#### Exercise aim:
Reproduce, word for word, the lines in the material below starting with the one that has "प्राचार्य, व्याख्याता व" and going on through the one that has "FECHADO - O". Leave out all pictures.

#### Data to examine:
┌──
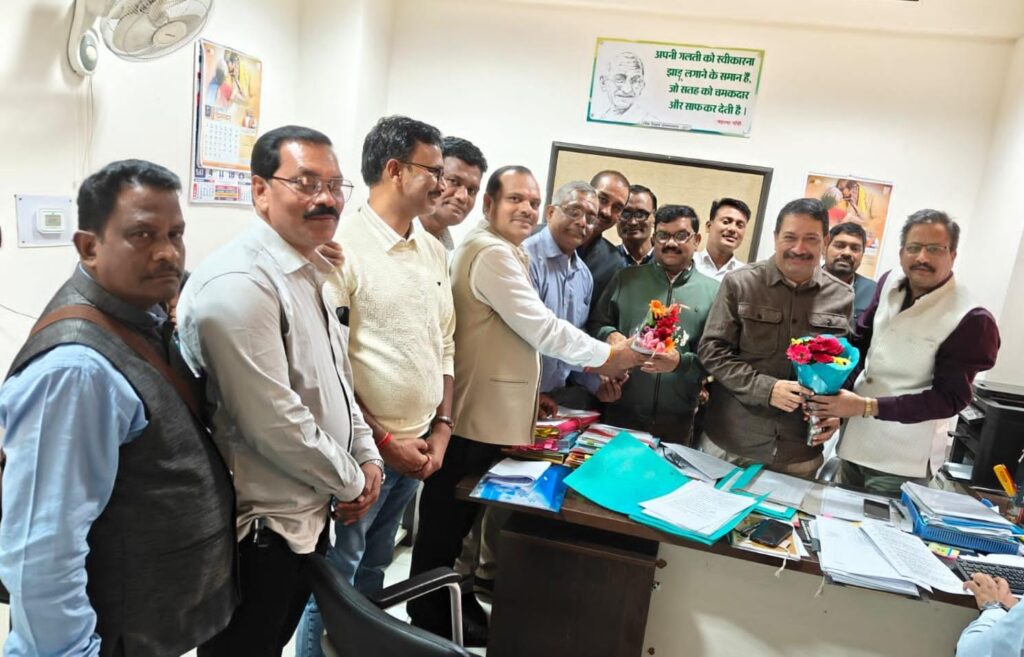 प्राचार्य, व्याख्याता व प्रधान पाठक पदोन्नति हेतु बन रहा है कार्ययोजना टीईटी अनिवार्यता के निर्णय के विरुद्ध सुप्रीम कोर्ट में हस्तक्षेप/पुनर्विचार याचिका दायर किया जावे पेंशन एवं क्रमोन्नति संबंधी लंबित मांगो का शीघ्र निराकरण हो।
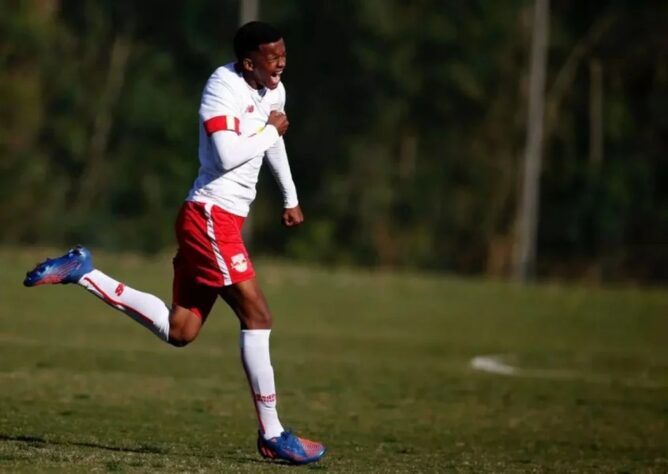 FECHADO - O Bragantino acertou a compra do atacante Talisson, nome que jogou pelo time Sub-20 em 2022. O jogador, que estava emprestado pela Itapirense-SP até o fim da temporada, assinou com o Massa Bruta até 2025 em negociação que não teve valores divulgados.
└──
┌──
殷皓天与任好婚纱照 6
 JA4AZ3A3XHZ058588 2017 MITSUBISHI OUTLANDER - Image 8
└──
#### Completed task:
 प्राचार्य, व्याख्याता व प्रधान पाठक पदोन्नति हेतु बन रहा है कार्ययोजना टीईटी अनिवार्यता के निर्णय के विरुद्ध सुप्रीम कोर्ट में हस्तक्षेप/पुनर्विचार याचिका दायर किया जावे पेंशन एवं क्रमोन्नति संबंधी लंबित मांगो का शीघ्र निराकरण हो।
 FECHADO - O Bragantino acertou a compra do atacante Talisson, nome que jogou pelo time Sub-20 em 2022. O jogador, que estava emprestado pela Itapirense-SP até o fim da temporada, assinou com o Massa Bruta até 2025 em negociação que não teve valores divulgados.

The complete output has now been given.